Landform and Agricultural Management Characteristics Influencing C, N, P Export With Extreme Rainfall Driven Flows in the Assiniboine River Watershed

Abstract:

The Assiniboine River Watershed (ARW) drains 182,000 km² of Saskatchewan, Manitoba, and North Dakota. Peak flow rates observed in 2011 and in 2014 were the highest recorded since hydrometric measurement was initiated in 1913. Under high flow conditions the Province of Manitoba operates a water control structure at Portage la Prairie (the Assiniboine River Diversion; ARD) diverting water outside the ARW to Lake Manitoba (4,624 km²) to prevent flooding in densely populated areas near and in the City of Winnipeg. Recent research by Page (2011, 2015) indicates that in years of operation the ARD is the largest source of P and second largest source of N to Lake Manitoba. Along with alteration of the biogeochemistry of the Assiniboine River itself in flood years, the large influx of water from the ARD has led to less saline and more nutrient rich conditions in Lake Manitoba over the last 17 years (Page, 2011). For the May-June period in the ARW the average rainfall, number of consecutive days with rain >1mm, and proportion of rain occurring on days with rain rate in the 95^th percentile has increased significantly since 1960 and this pattern may be linked to anthropogenic climate forcing (Szeto et al., 2015). Land use throughout the ARW is predominantly agricultural and extensive changes in tillage practices, surface drainage, cropping systems, and fertilization have occurred over the last 50 years. As a result, understanding how agricultural land management influences biogeochemical responses to extreme spring precipitation events is of particular importance. In the research presented here we describe patterns of flow, C, N, and P export in 2014 for a network of 8 fields (2-6 ha.) and 9 tributaries (60-1000 km²) of the ARW as related to agricultural management and surface drainage patterns.

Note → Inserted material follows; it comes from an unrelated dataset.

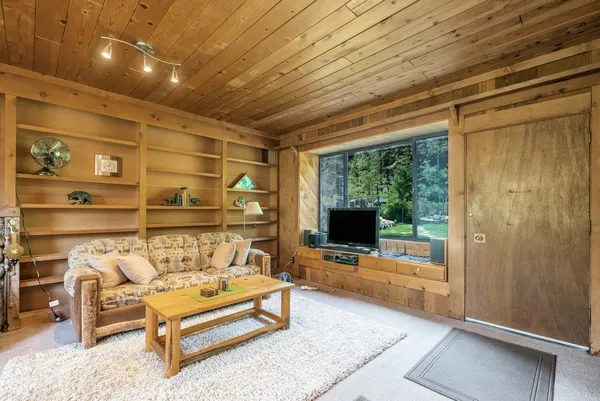 a bed room with a bed and a table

Annual export from tributaries was controlled by surface water storage capacity in wetlands and depressions, as measured by effective contributing area (Fig 1) with increases observed for those watersheds with more extensive artificial drainage. Across the tributaries studied the extreme rainfall event accounted for 64% on average of overall water yield in 2014, but event specific water yield related more with antecedent wetness than to drainage. Responses at the field scale correlate closely to soil test N and P and to antecedent soil moisture.